> _Task to complete_: Any images in the material are to be dropped while every line is retyped exactly.

> _Raw data_:
-----

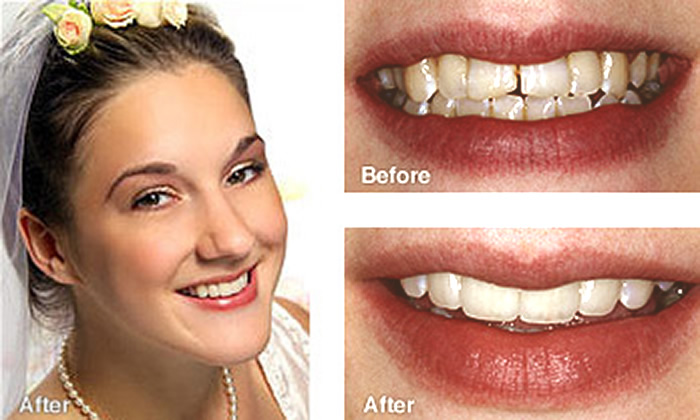 Veneers Case Study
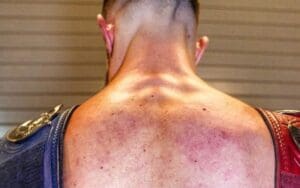 Finn Balor Shows Off Brutal Welts After WWE Payback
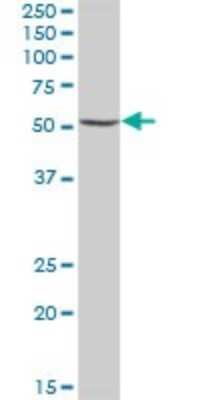 Western Blot: UDP glucose dehydrogenase Antibody [H00007358-B01P]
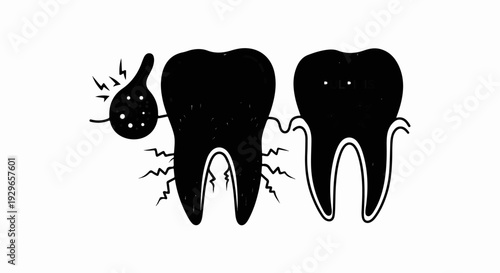A cartoon depicts two molars, one with a painful, inflamed nodule, the other healthy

-----

> _Finished exercise_:
 Veneers Case Study
 Finn Balor Shows Off Brutal Welts After WWE Payback
 Western Blot: UDP glucose dehydrogenase Antibody [H00007358-B01P]
A cartoon depicts two molars, one with a painful, inflamed nodule, the other healthy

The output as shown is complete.